## Task item
Transcribe the records below word for word, beginning with the first line and stopping after the line that contains "Earth Likely To"; pictures are not part of the copy.

## Records provided

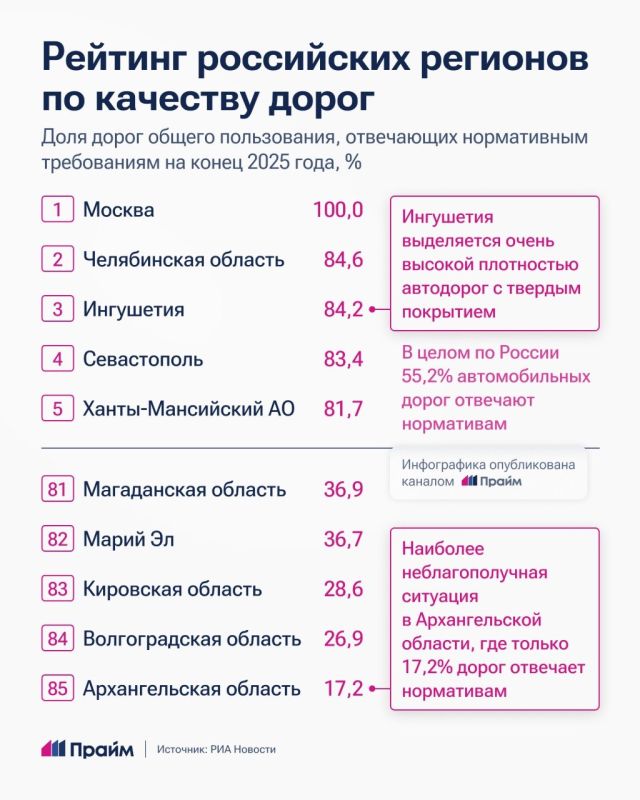 Где в России самые хорошие дороги: опубликован новый рейтинг Где в России самые хорошие дороги: опубликован новый рейтинг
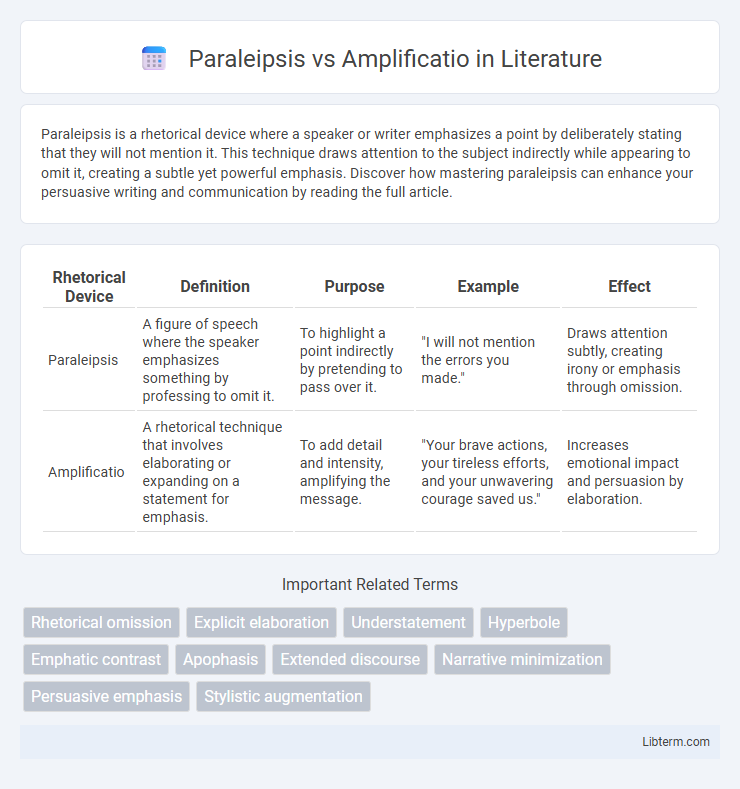 Amplificatio vs Paraleipsis in Literature - What is The Difference?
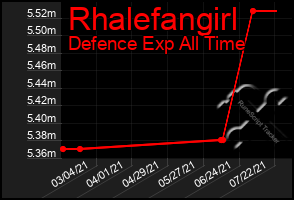 Total Graph of Rhalefangirl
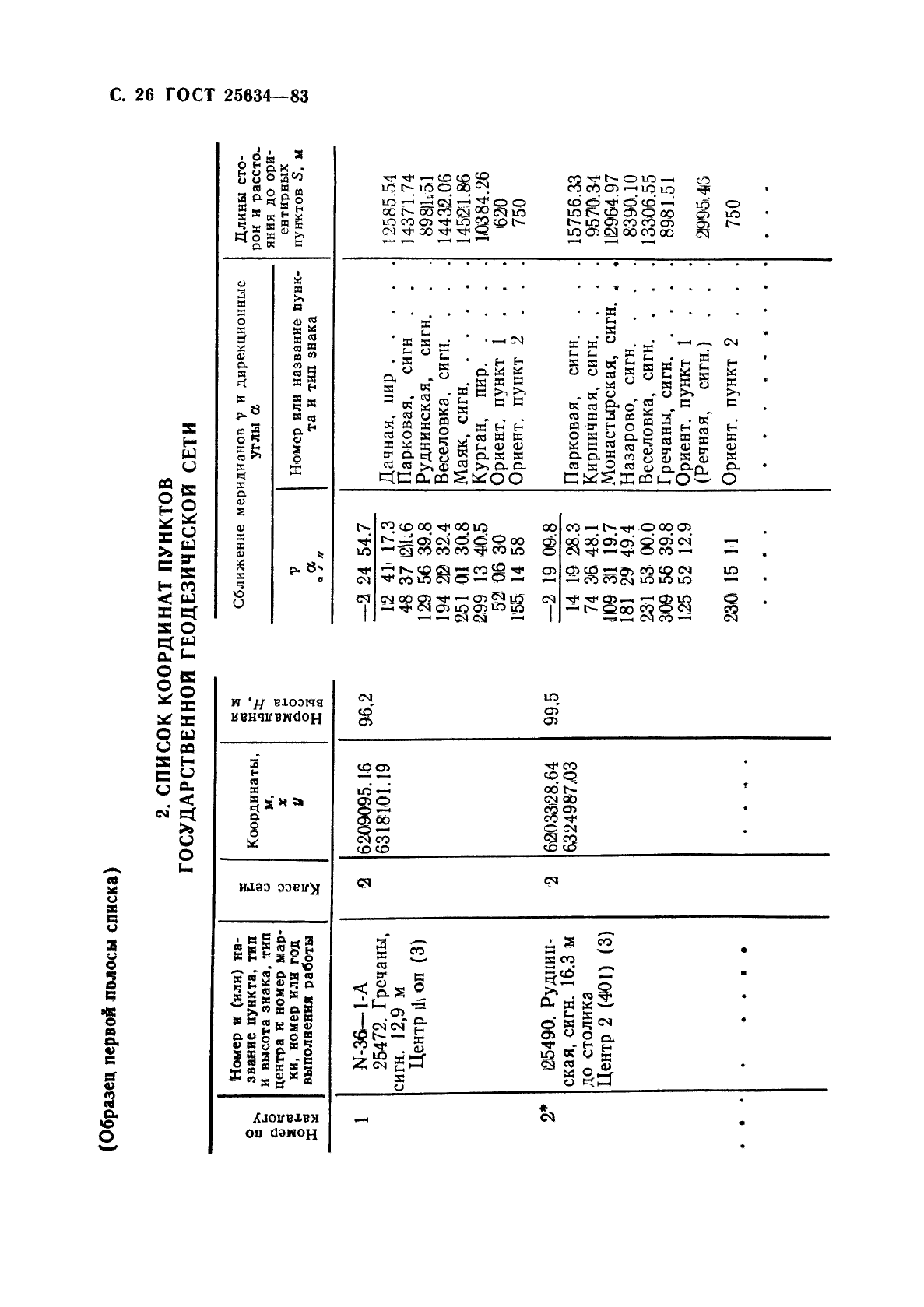 ГОСТ 25634-83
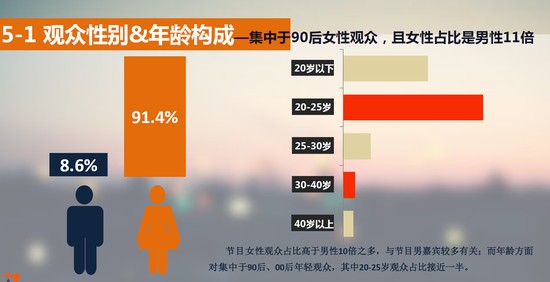 观众调查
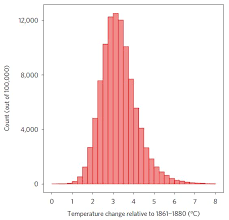 Earth Likely To Warm More Than 2 Degrees This Century Uw News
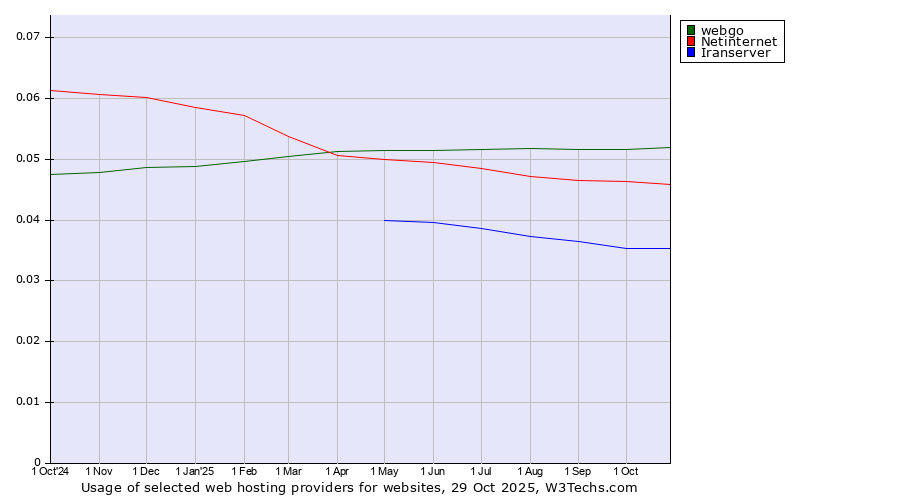 Historical trends in the usage of webgo vs. Netinternet vs. Iranserver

## Response area
 Где в России самые хорошие дороги: опубликован новый рейтинг Где в России самые хорошие дороги: опубликован новый рейтинг
 Amplificatio vs Paraleipsis in Literature - What is The Difference?
 Total Graph of Rhalefangirl
 ГОСТ 25634-83
 观众调查
 Earth Likely To Warm More Than 2 Degrees This Century Uw News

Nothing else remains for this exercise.